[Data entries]
- - - -

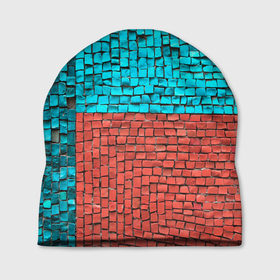 Шапка 3D с принтом Каменно кирпичная броня   Оранжевый в Новосибирске, 100% полиэстер | универсальный размер, печать по всей поверхности изделия | abstraction | art | artwork | bricks | colorful | colors | geometry | graphics | patterns | stones | surrealism | sweethuman | sweethumen | абстракция | арт | геометрия | графика | искусство | камни | кирпичи | разноцветный | сюрреализм | узоры | цвета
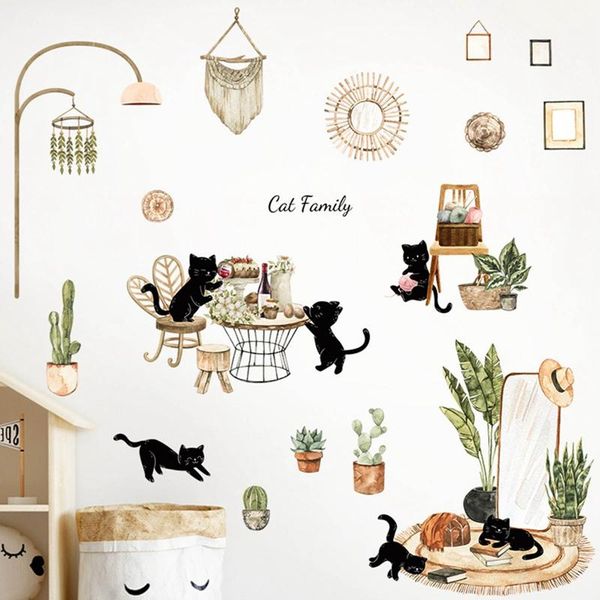 

wall stickers 4pcs cute cartoon black cat creative pvc kitten and bonsai decals stickes home living room decoration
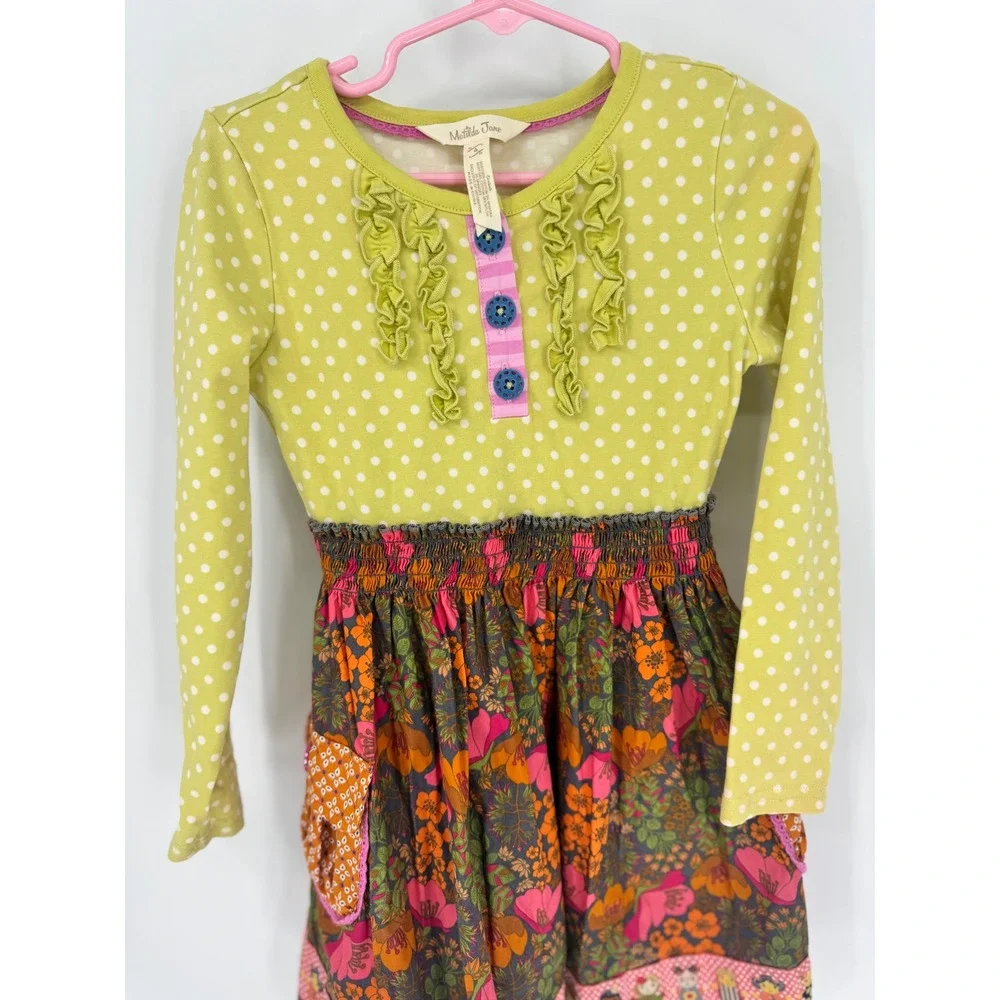 Matilda Jane Dress Girls Size 4 Green Floral Polka Dot Long Sleeve Mixed Print - Picture 3 of 7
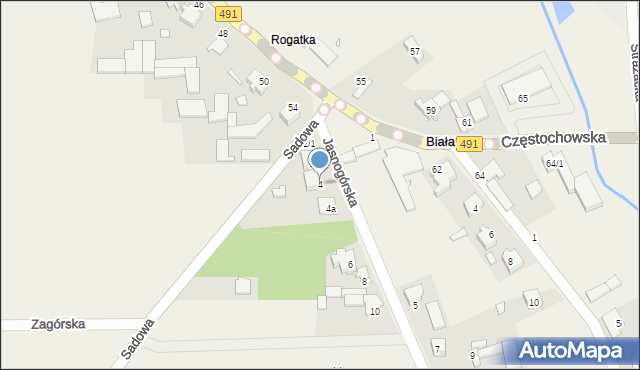 Biała, Jasnogórska, 4, mapa Biała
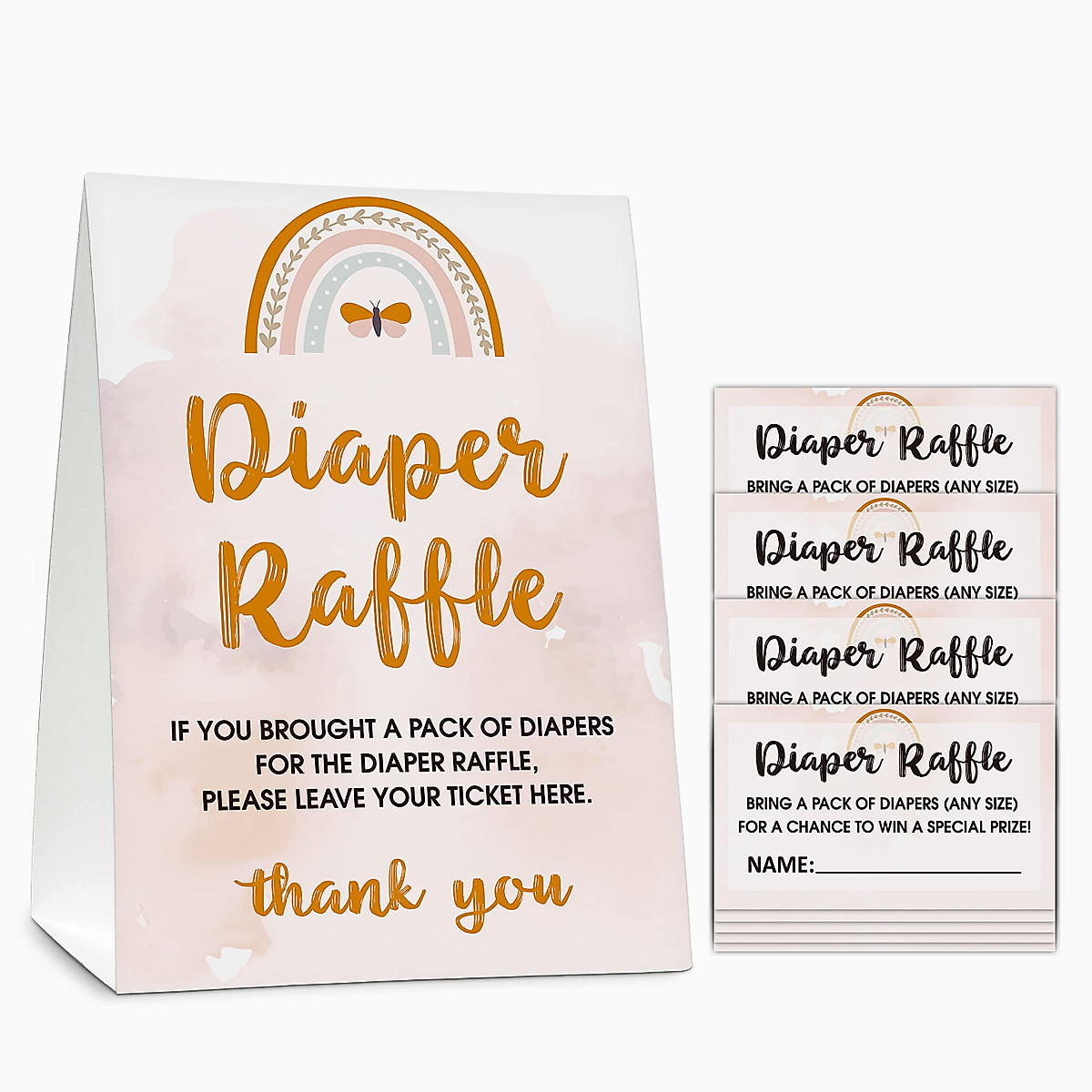 Gihyan Diaper Raffle Game Set - Boho Rainbow Design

- - - -

▶ **WORK REQUIRED**
Restate word for word only the lines that run from the line holding "Matilda Jane Dress" to the end of the data, both ends kept, leaving every picture out.

▶ **EXPECTED ANSWER**
 Matilda Jane Dress Girls Size 4 Green Floral Polka Dot Long Sleeve Mixed Print - Picture 3 of 7
 Biała, Jasnogórska, 4, mapa Biała
 Gihyan Diaper Raffle Game Set - Boho Rainbow Design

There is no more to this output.